Thereby, the fifth to eighth states are the adsorption force of 1150 g, whereby the magnetic field portion generated by the power receiving coil 131 when the coil surface of the power receiving coil 131 is parallel to the magnetization direction of the magnet 111 can be clarified. It does not act as a demagnetizing field of the magnet 111, so that demagnetization can be prevented.

Further, the yoke temperature of the sixth aspect is 30 degrees, whereas the yoke temperature of the seventh state is 44 degrees, whereby the magnetic field of the power receiving coil 131 passes through the magnetic member 12, and the yoke 112 is prevented. heating. Further, as a result of comparison between the second mode and the third mode, it is clear that the coil surface of the power receiving coil 131 is orthogonal to the magnetization direction of the magnet 111, thereby being able to be reduced as compared with the case where the coil surface is parallel. Heating of the yoke temperature.
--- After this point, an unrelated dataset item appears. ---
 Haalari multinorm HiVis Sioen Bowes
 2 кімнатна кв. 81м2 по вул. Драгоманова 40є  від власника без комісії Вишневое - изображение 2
It is to be understood that the present invention is not limited to the embodiments described above, but may be applied to other embodiments, in order to facilitate the understanding of the present invention. Its scope of application should be as wide as possible Line explanation. The terms and grammars used in the specification are used to clearly illustrate the invention, and are not intended to limit the invention. Further, the inventors believe that other configurations, systems, methods, and the like included in the concept of the present invention can be easily inferred from the concept of the invention disclosed in the specification. Therefore, it is to be understood that the scope of the claims is to be construed as being equivalent to the equivalents of the invention. Further, in order to fully understand the object of the present invention and the effects of the present invention, it is desirable to fully understand the disclosed documents and the like.

1‧‧‧ drive

2‧‧‧ device body

3‧‧‧Charging device

10‧‧‧Portable Machine

11‧‧‧Drive mechanism

12‧‧‧ Magnetic components

13‧‧‧Power receiving agencies

14‧‧‧ circuit board

22‧‧‧Secondary battery

111‧‧‧ Magnet

112‧‧‧Y yoke

131‧‧‧Acoustic coil

141‧‧‧Charging circuit

Claims (7)

A driving device provided in a device body including a secondary battery and supplied with electric power for charging the secondary battery, and includes: a driving device that operates using the electric power; and a circuit substrate having a control pair Charging circuit for charging the secondary battery. A driving device according to claim 1, which has a power receiving mechanism that receives power for charging the secondary battery. The driving device of claim 2, wherein the driving mechanism includes a magnet and a yoke that form a magnetic circuit, and the yoke is disposed between the power receiving mechanism and the magnet, and the power receiving mechanism receives power by wireless power supply. Power receiving coil. A driving device according to claim 3, comprising a magnetic member disposed between the power receiving coil and the yoke and the circuit board. The driving device according to any one of claims 2 to 4, wherein the power receiving coil of the power receiving mechanism generates power by wireless power supply by a magnetic field resonance method. The driving device of any one of claims 1 to 4, wherein the driving mechanism is a speaker. A portable machine having the driving device of any one of claims 1 to 4.